I have a multivariate normal likelihood with a block diagonal covariance matrix, with blocks of varying dimension.
Roughly speaking, the distribution has dimension 1million, and the covariance matrix has ~1,500 blocks of non-zero elements ranging from dimension 10 to 1000. Ultimately, I am interested in inferring parameters related only to the mean.
Due to size, I am using SVI, and I’ve factored the model by block using the sequential plate.
I’ve put the blocked data into python lists of torch tensors: mu
, sigmaL
and beta_hat
. Each of which is a length k
list containing tensors corresponding to the block data.

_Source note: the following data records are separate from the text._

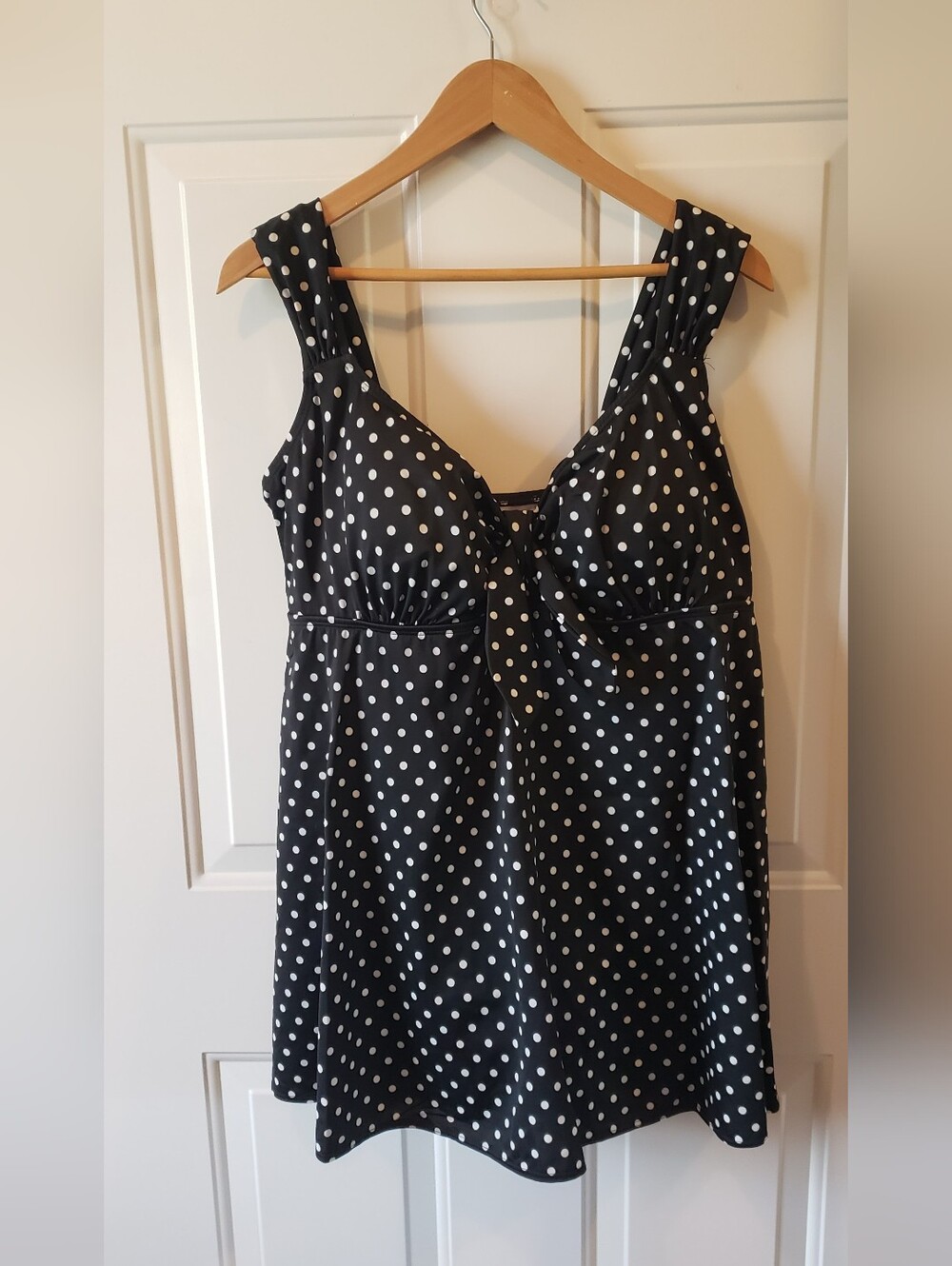 Dotted Swim Dress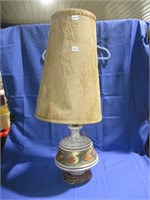 vintage lamp.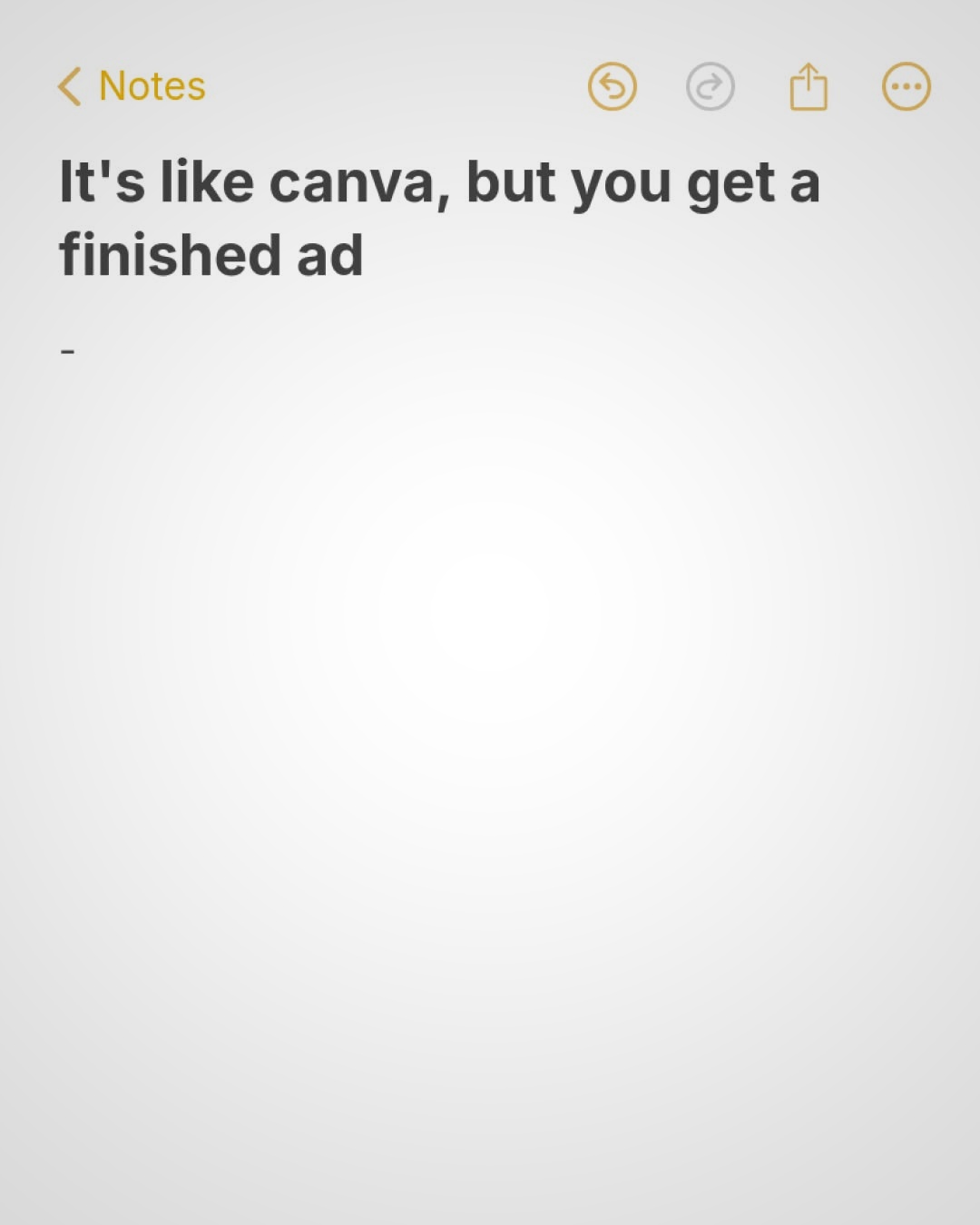 Oz: AI Marketing Platform Facebook ad: Skip the artboard.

My model + guide has the following form:
def blocked_model(mu, sigmaL, beta_hat):
k_blocks = len(mu)
for idx in pyro.plate("data", k_blocks, device=device):
p_k = mu[idx].shape[0]
beta_k = pyro.sample(
f"beta_{idx}",
dist.Normal(torch.zeros(p_k, device=device),
torch.ones(p_k, device=device))
)
pyro.sample(
f"beta_hat_{idx}",
dist.MultivariateNormal(
torch.matmul(mu[idx], beta_k), scale_tril=sigmaL[idx]
),
obs=beta_hat[idx],
)
def blocked_guide(mu, sigmaL, beta_hat):
k_blocks = len(beta_hat)
for k in range(k_blocks):
p_k = beta_hat[k].shape[0]
beta_loc = pyro.param(f"beta_{k}_loc",
torch.zeros(p_k, device=device))
beta_scale = pyro.param(f"beta_{k}_scale",
torch.ones(p_k, device=device),
constraint=dist.constraints.positive
)
pyro.sample(f"beta_{k}", dist.Normal(beta_loc, beta_scale))
And this appears to work.
I’m pretty new to pytorch and pyro. Is a better way to write down this model/guide? Is any easy performance left on the table?
Loading all the data into memory provided a speedup. Moving to a GPU provided a speedup. I’ve also considered doing some distributed/multi-threaded training since each block is independent, but I’m not sure how that would work exactly.
I’ve also considered porting to numpyro
, but there doesn’t appear to be an easy story about these kinds of jagged data structures there either.